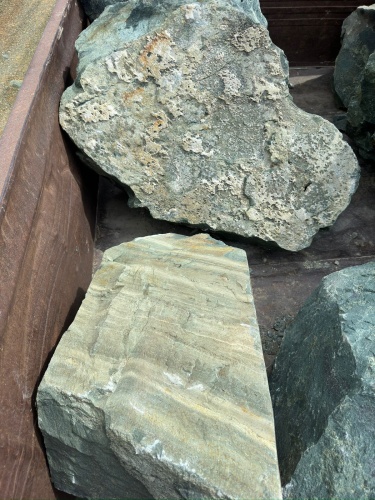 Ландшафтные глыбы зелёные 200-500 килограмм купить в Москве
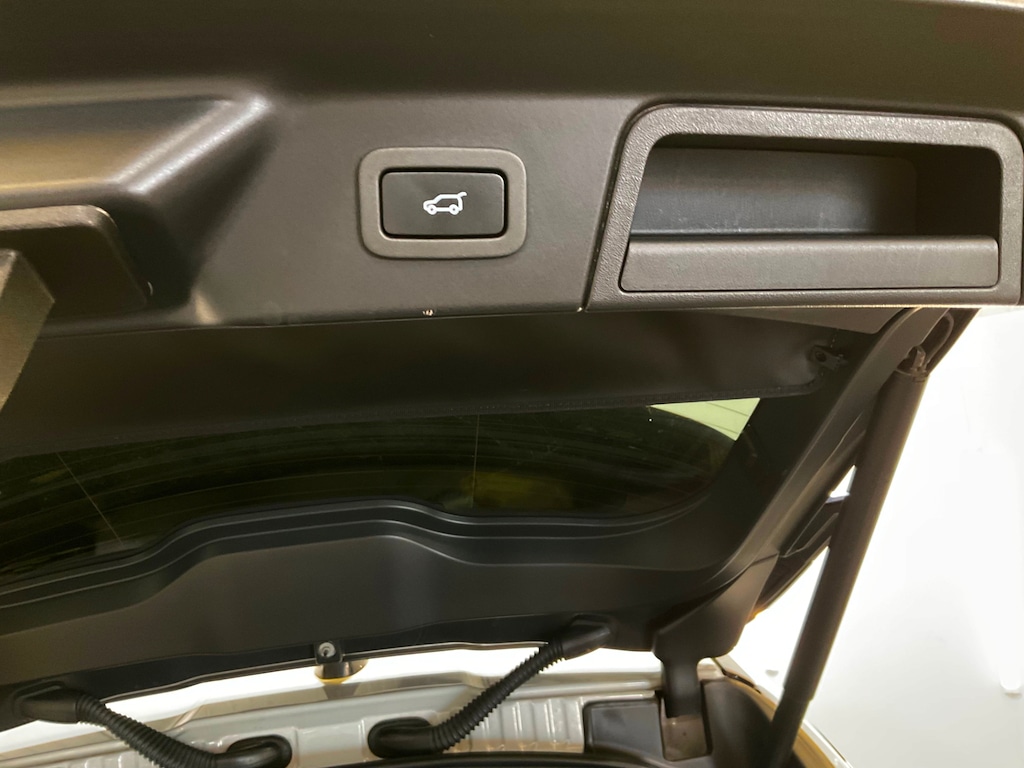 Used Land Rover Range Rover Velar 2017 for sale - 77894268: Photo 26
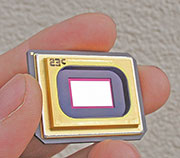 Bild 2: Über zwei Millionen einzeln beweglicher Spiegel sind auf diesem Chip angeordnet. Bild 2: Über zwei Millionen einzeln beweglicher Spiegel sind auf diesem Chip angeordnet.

--

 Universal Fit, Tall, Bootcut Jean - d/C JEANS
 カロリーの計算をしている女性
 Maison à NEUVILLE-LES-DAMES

==

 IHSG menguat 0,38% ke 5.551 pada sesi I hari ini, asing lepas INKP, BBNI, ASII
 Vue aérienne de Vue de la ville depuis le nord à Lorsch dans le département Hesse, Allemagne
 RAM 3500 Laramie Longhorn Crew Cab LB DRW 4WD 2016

== Exercise requirements ==
An exact copy is needed of the entries above, starting at the line that holds "Ландшафтные глыбы зелёные" and stopping at the line that holds "Chip angeordnet. Bild", both kept; pictures stay out.

== Solution to this task ==
 Ландшафтные глыбы зелёные 200-500 килограмм купить в Москве
 Used Land Rover Range Rover Velar 2017 for sale - 77894268: Photo 26
 Bild 2: Über zwei Millionen einzeln beweglicher Spiegel sind auf diesem Chip angeordnet. Bild 2: Über zwei Millionen einzeln beweglicher Spiegel sind auf diesem Chip angeordnet.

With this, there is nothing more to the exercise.